This is a graduate level course on Information Retrieval with emphasis on search engines in the Web. The goal of the course is to guide the students in a journey---a journey aimed at the design, implementation, and testing of a Web search engine. This search engine should be able to receive and answer queries posed in the domain of the Brazilian Web.
While the design and conception of the various modules that compose the engine---crawler, indexer, and query processor---will be discussed in class, the students will be responsible for implementing them in C++ and validating their implementations during the course. Additionally, the students will explore techniques of machine learning to improve the ranking of the results. Evaluation will consist of three implementation assignments (crawler, indexer, and query processor) and two exams.
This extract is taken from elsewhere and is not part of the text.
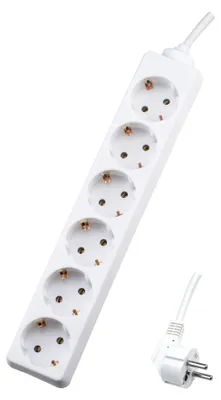 Obrázek produktu pro Stolní rozbočovač SKYLAND, 6 výstupů, přívodní kabel 1,4 m, 3×1 mm², otočený o 45°, bílý, 1 ks.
This is a rigorous and intensive course with a non-trivial load of theoretical material and practical tasks in the form of coding in C++. At the end of the course, the students should gain a technical understanding of how a search engine works and the challenges at the frontier of the technology---they should understand why search is hard.
Required Textbook
Ricardo Baeza-Yates & Berthier Ribeiro-Neto. Modern Information
Retrieval. Pearson, 2011, 2nd Edition.
Slides can be
found here.
Other Useful References
1. Ian Witten, Alistair Moffat, Timothy Bell. Managing
Gigabytes. Morgan Kauffman, 1999, 2nd Edition.
2. Christopher Manning, Prabakhar Raghavan, Hinrich
Schutze. Introduction to Information Retrieval. Cambridge
University Press, 2008.
3. Bruce Croft, Donald Metzer, Trevor Strohman. Search Engines:
Information Retrieval in Practice. Pearson, 2009.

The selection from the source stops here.